Exercise directions >>
Please repeat, exactly as written, the line containing "Sparks Marina 1BR" and every line after it through the end of the records below, leaving out any pictures.

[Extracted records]
- - - - - - -

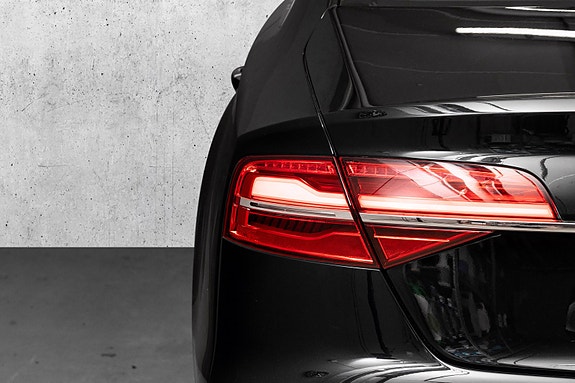 Audi S8 8 of 30
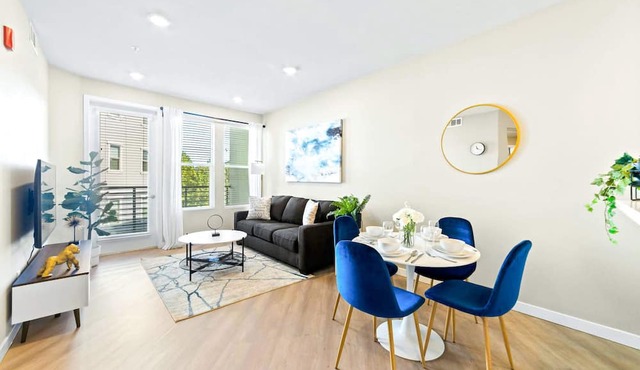Sparks Marina 1BR | Pool, Balcony & Waterfront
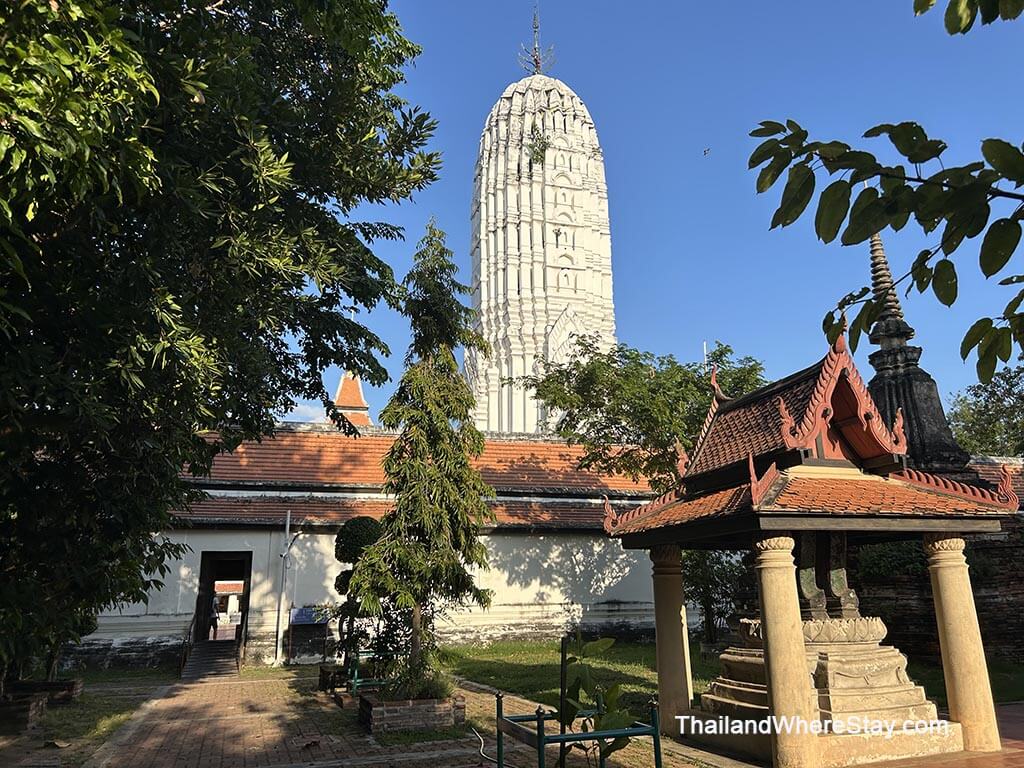 Wat Phutthaisawan along Chao Phraya River
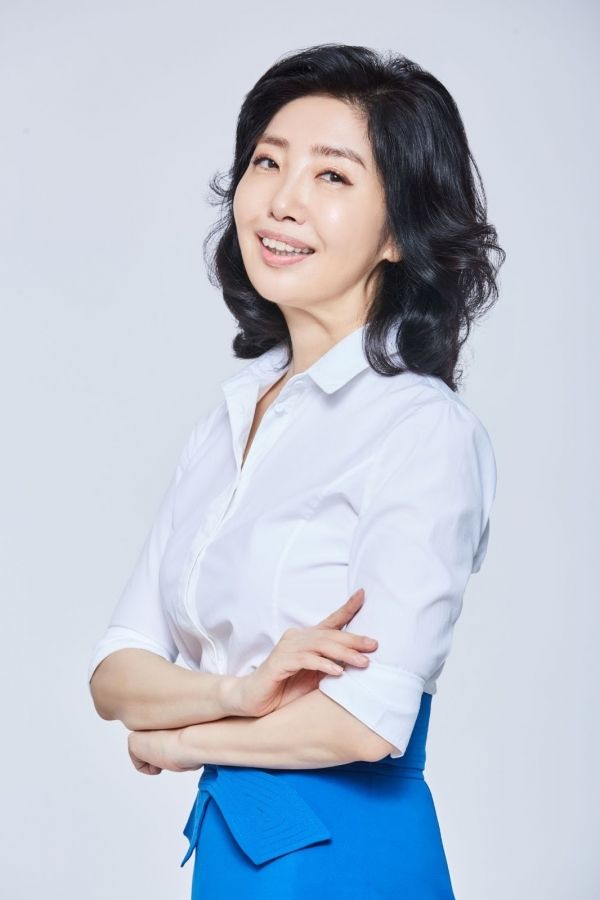 여에스더 프로필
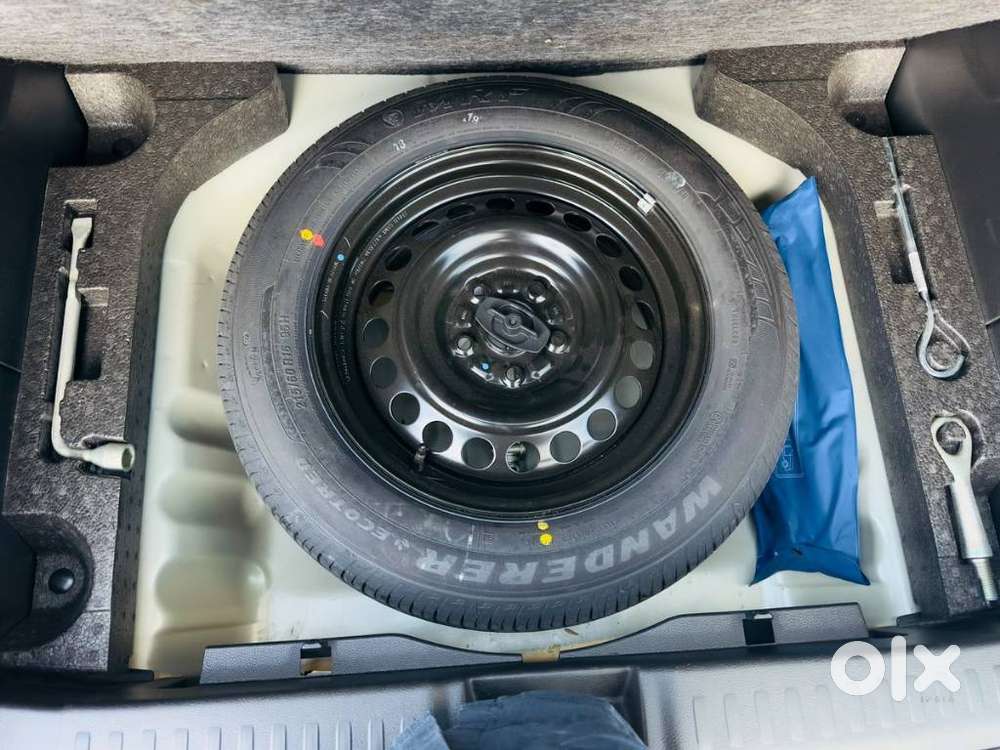 Maruti Suzuki Brezza 1.5 Zxi Plus Smart Hybrid, 2023, Petrol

- - - - - - -

Written answer >>
Sparks Marina 1BR | Pool, Balcony & Waterfront
 Wat Phutthaisawan along Chao Phraya River
 여에스더 프로필
 Maruti Suzuki Brezza 1.5 Zxi Plus Smart Hybrid, 2023, Petrol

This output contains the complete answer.